[Exercise aim]
Every line between the one containing "Let us now take" and the last line of the data, both included, is to be set down exactly, and pictures are to be omitted.

===== Information shown =====

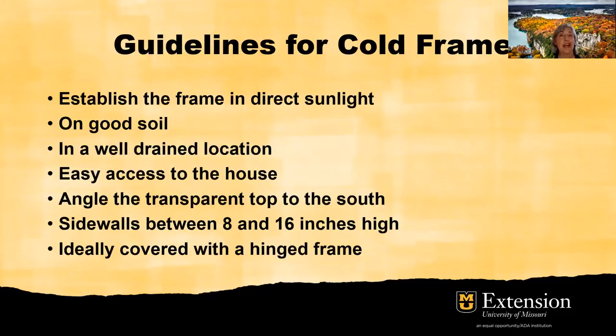So what are the guidelines for a working cold frame? Number one, establish the frame in direct sunlight. Place it on good soil in a well-drained location — you need that drainage to make sure it doesn't get soggy. It needs to be slightly sloped. Why easy access to the house? Because if it's not convenient, we won't keep an eye on things. We need to be able to walk out and make sure it's not too hot or too cold. If it's too hot, we need to be able to open the hinge on that cold frame and prop it up to get some air in there.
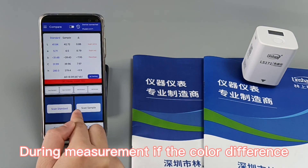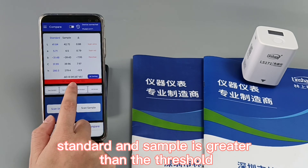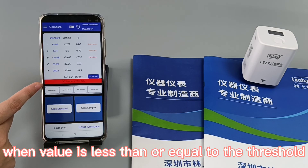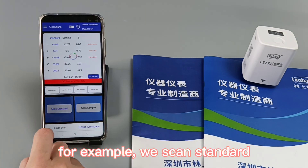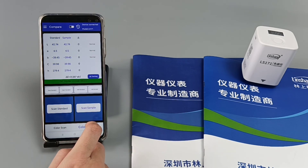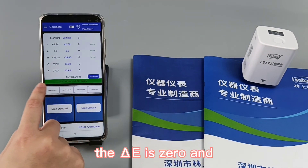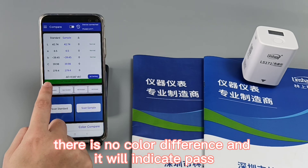During measurement, if the color difference between the standard and sample is greater than the threshold, it will display NG and this area will be highlighted in red. When the value is less than or equal to the threshold, the meter will display pass. For example, scanning standard and sample in the same location gives a ΔE of 0 — no color difference — and it indicates pass.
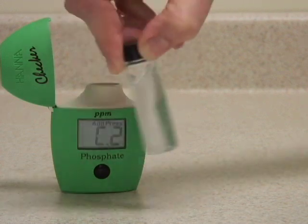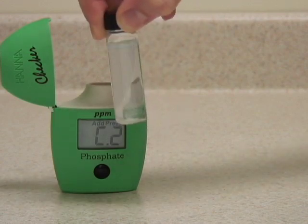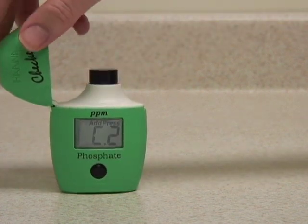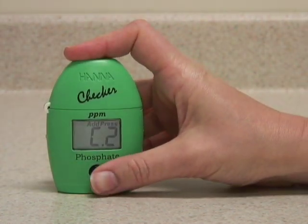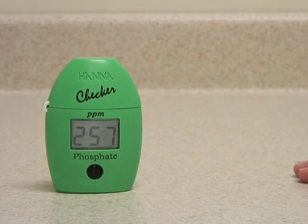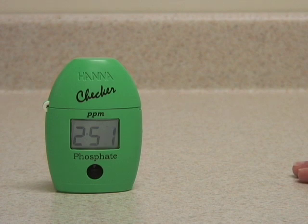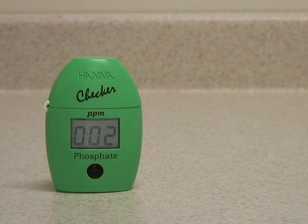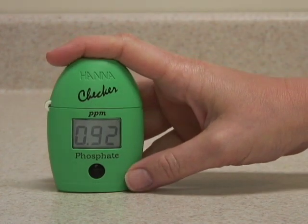The sample begins to turn blue as it reacts with the phosphate in the water. Insert the vial back in the meter, close the lid, and press and hold the button to activate the timer function. The meter will count down three minutes for the reaction to take place. After three minutes, it will automatically analyze the sample and display the concentration of phosphate in parts per million.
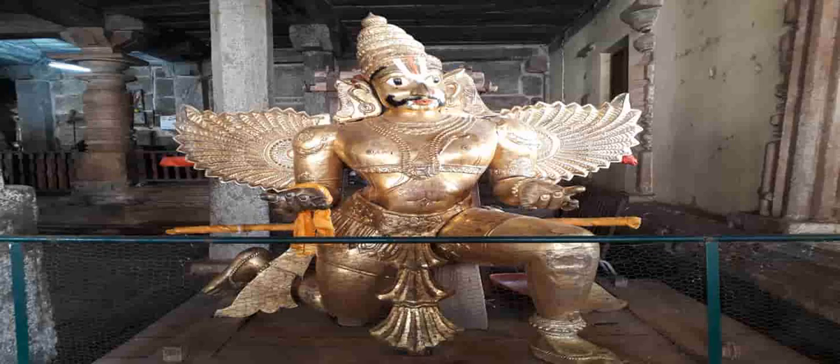Let us now take a small walk through the outer perimeter of the temple to enjoy the peaceful atmosphere.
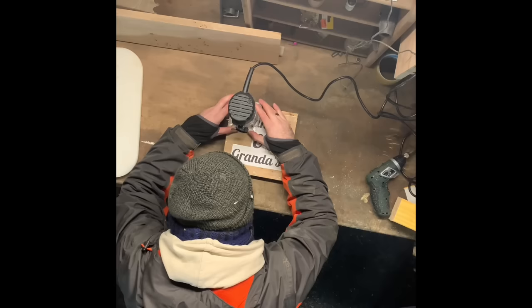Next, make sure that you do a couple of test cuts on a scrap piece of wood to make sure that you've got the depth correct — that's very important. Now you're just going to watch me route from above.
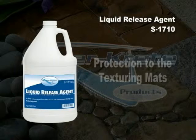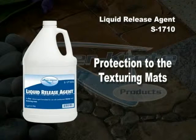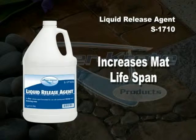Available in fragrances like bubble gum, Liquid Release Agent also provides protection to the texturing mats. It increases their lifespan by decreasing the friction caused by stamping surfaces.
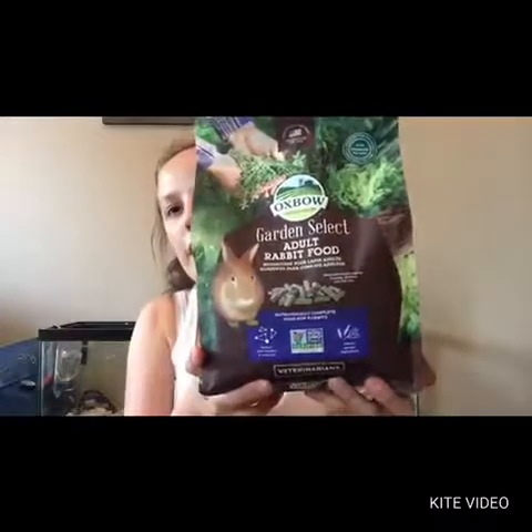Today's video is going to be a review on some of the new food that I got from Amazon for the bunnies. It's actually by Oxbow, it's called Garden Select Adult Rabbit Food, and this is what the bag looks like.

=====

[Result of the task]
Let us now take a small walk through the outer perimeter of the temple to enjoy the peaceful atmosphere.
Next, make sure that you do a couple of test cuts on a scrap piece of wood to make sure that you've got the depth correct — that's very important. Now you're just going to watch me route from above.
Available in fragrances like bubble gum, Liquid Release Agent also provides protection to the texturing mats. It increases their lifespan by decreasing the friction caused by stamping surfaces.
Today's video is going to be a review on some of the new food that I got from Amazon for the bunnies. It's actually by Oxbow, it's called Garden Select Adult Rabbit Food, and this is what the bag looks like.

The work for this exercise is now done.